[英]Return key on fuzzy match of element in dictionary list
I have a dataframe like this:我有一个像这样的 dataframe:
Date![]() |
Cost Category![]() |
Vendor![]() |
---|---|---|
2021-03-22 ![]() |
- ![]() |
FamilyMart![]() |
2021-03-04 ![]() |
- ![]() |
FAMILY MART![]() |
2021-03-14 ![]() |
- ![]() |
Subway MAIN![]() |
2021-03-14 ![]() |
- ![]() |
OTHER![]() |
2021-03-14 ![]() |
- ![]() |
Transit Authority![]() |
2021-03-09 ![]() |
- ![]() |
Subway local![]() |
2021-03-24 ![]() |
- ![]() |
Seven Eleven ![]() |
2021-03-14 ![]() |
- ![]() |
Seven-Eleven ![]() |
I want to add category tags like this:我想添加这样的类别标签:
Date![]() |
Cost Category![]() |
Vendor![]() |
---|---|---|
2021-03-22 ![]() |
Store![]() |
FamilyMart![]() |
2021-03-04 ![]() |
Store![]() |
FAMILY MART![]() |
2021-03-14 ![]() |
Dining![]() |
Subway MAIN![]() |
2021-03-14 ![]() |
- ![]() |
OTHER![]() |
2021-03-14 ![]() |
- ![]() |
Transit Authority![]() |
2021-03-09 ![]() |
Dining![]() |
Subway local![]() |
2021-03-24 ![]() |
Store![]() |
Seven Eleven ![]() |
2021-03-14 ![]() |
Store![]() |
Seven-Eleven ![]() |
I try the following, which would just return the value of the matching element in the list:我尝试以下方法,它只会返回列表中匹配元素的值:
from fuzzywuzzy import process
from fuzzywuzzy import fuzz
Store = ['Family Mart', 'Seven Eleven', 'York Mart', 'Tokyu', 'Ministop']

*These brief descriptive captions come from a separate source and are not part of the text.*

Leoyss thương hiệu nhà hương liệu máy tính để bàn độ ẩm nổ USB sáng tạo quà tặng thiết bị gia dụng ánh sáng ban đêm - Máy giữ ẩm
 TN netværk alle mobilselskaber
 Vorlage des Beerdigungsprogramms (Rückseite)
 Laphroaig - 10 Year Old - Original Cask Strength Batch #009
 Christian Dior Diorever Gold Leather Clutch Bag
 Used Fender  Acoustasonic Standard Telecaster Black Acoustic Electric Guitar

Dining = ['Subway', 'Salad Works']
def fuzz_m(col, cat_list, score_t):
tag, score = process.extractOne(col, cat_list, scorer = score_t)
if score < 51:
return ''
else:
return tag
df['Cost Category'] = df['Vendor'].apply(fuzz_m, cat_list = Store, score_t = fuzz.ratio)
Date![]() |
Cost Category![]() |
Vendor![]() |
---|---|---|
2021-03-22 ![]() |
Family Mart![]() |
FamilyMart![]() |
2021-03-04 ![]() |
Family Mart![]() |
FAMILY MART![]() |
2021-03-14 ![]() |
- ![]() |
Subway MAIN![]() |
2021-03-14 ![]() |
- ![]() |
OTHER![]() |
2021-03-14 ![]() |
- ![]() |
Transit Authority![]() |
2021-03-09 ![]() |
- ![]() |
Subway local![]() |
2021-03-24 ![]() |
Seven Eleven ![]() |
Seven Eleven ![]() |
2021-03-14 ![]() |
Seven Eleven ![]() |
Seven-Eleven ![]() |
What I want to do is use a dictionary in place of cat_list and return the key in Cost Category.我想要做的是使用字典代替 cat_list 并返回成本类别中的键。
dictionary = {'Store':['Family Mart', 'Seven Eleven', 'York Mart', 'Tokyu', 'Ministop'],
'Dining':['Subway', 'Salad Works']
}
Where if any value in the column has a 51+ match to an element in a list, then I want to add the key under Cost Category.如果列中的任何值与列表中的元素匹配 51+,那么我想在成本类别下添加键。 If it is a low match (below 51) I want to do nothing.
如果是低匹配(低于 51),我什么也不想做。
Is there a feasible approach to achieve this?是否有可行的方法来实现这一目标?
With Series.apply()
, fuzz_m()
receives one Vendor
value at a time, so you can use that dictionary
directly as extractOne(value, dictionary)
:使用
Series.apply()
, fuzz_m()
一次接收一个Vendor
值,因此您可以将该dictionary
直接用作extractOne(value, dictionary)
:
def fuzz_m(value):
_, score, tag = process.extractOne(value, dictionary)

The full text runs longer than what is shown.